● **REQUIRED ACTION**: Look for the line containing "Men Cuadra Cowhide Boot CU969" in the listing below; from there, output every line exactly, the last one included.
---+---
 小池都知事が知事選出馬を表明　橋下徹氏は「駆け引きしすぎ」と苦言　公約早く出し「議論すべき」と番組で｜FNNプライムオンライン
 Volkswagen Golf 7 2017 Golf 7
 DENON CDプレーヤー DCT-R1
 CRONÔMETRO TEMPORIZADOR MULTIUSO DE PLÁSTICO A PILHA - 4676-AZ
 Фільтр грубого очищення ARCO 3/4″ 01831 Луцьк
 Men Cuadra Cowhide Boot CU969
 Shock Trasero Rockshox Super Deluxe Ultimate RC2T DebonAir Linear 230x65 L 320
---+---
● **ANSWER TO THE PROBLEM**:
 Men Cuadra Cowhide Boot CU969
 Shock Trasero Rockshox Super Deluxe Ultimate RC2T DebonAir Linear 230x65 L 320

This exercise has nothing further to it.